The rest of the evening didn’t have even this slim theatrical pretext. Individual numbers gave the company members a chance to show their stuff. A guitar solo by Miguel Pérez made lavish embellishments on a popular song. Ogalla, accompanied by Pérez, Iglesias, Gago, and singer Emilio Florido, performed an “Alegrías,” a dance of complex rhythms and changing speeds in a tight body space. In “Soleá por bulerías,” Jiménez was big, moody, almost out-of-control, with flamboyant flourishes and feminine serpentines exaggerated to macho proportions. The two men did a brief duet in side-by-side unison, their contrasting personalities reinforced.
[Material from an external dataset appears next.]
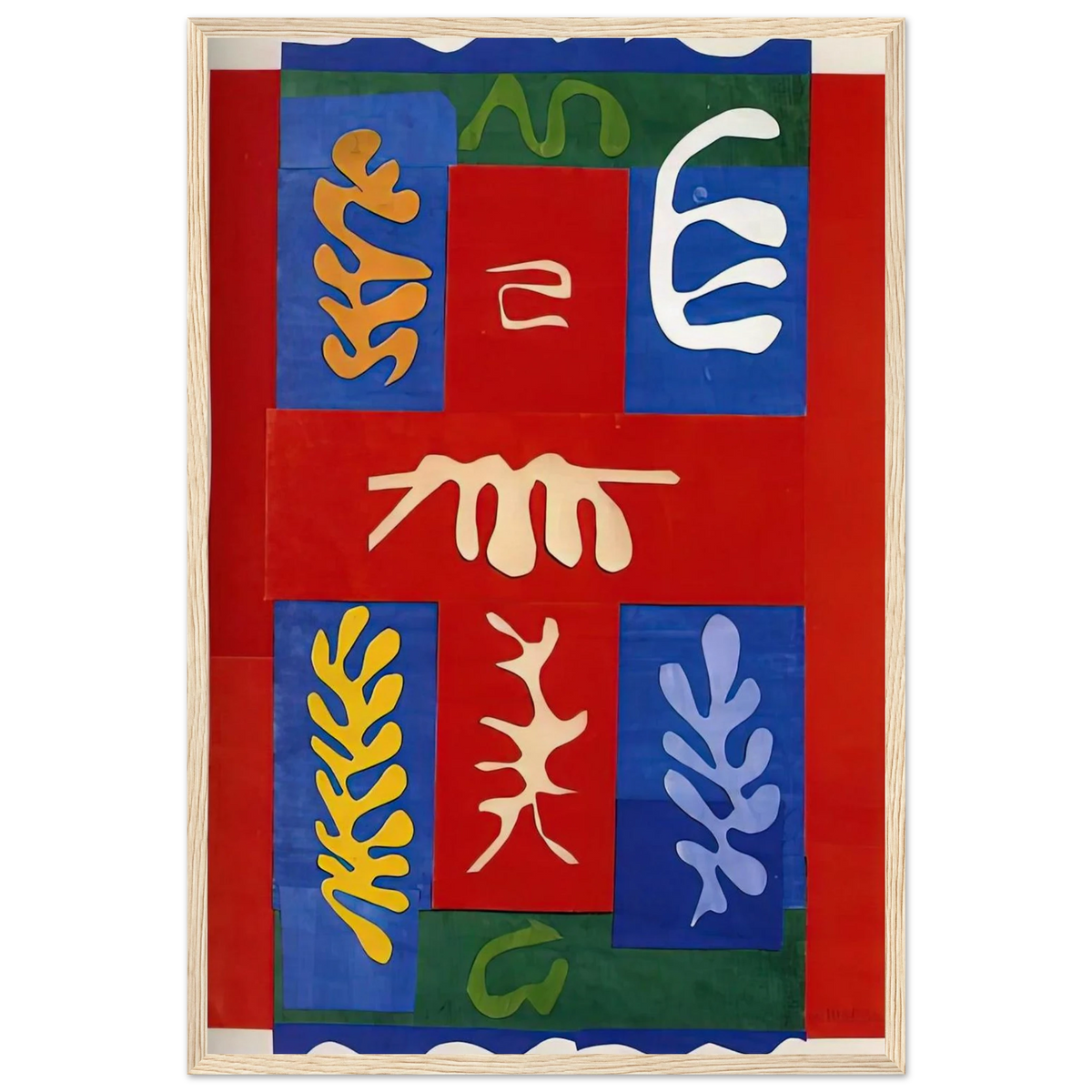 CUT OUTS 4 Framed Poster | Henri Matisse Framed Prints Wall Art | Henri Matisse Print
In her long “Soleá,” Barrio built up crescendos of intensity that suddenly broke off. Then she’d begin again in a new key, as if, right to the end, she kept having to find other ways to continue the story before it overwhelmed her. Arching back with agonizing slowness, stamping proudly, vibrating with supersonic heel beats, she trod a circle, bending and splaying toward the center but never occupying it. At last she came up out of the vortex to face the audience, a hero, a survivor, a star.
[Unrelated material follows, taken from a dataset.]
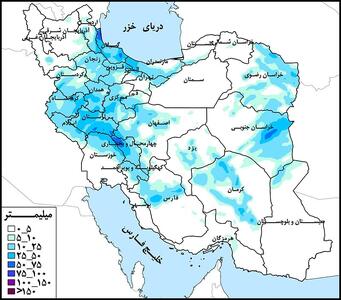 حوضه‌ تالش- مرداب انزلی و حوضه کارون بزرگ پُرباران‌ترین حوضه‌های درجه دو کشور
For the concluding ensemble number, “Esta noche no es mi día,” the dancers and musicians placed a ring of red roses on the floor in honor of their recently deceased colleague, singer Antonio Vizarraga. The closing piece on a flamenco show can be festive, even comic, as the company members call on one another to step out and brag. This finale was somber, and the company gathered in a clapping circle at the end, lifting their arms together in a final gesture of tribute and prayer.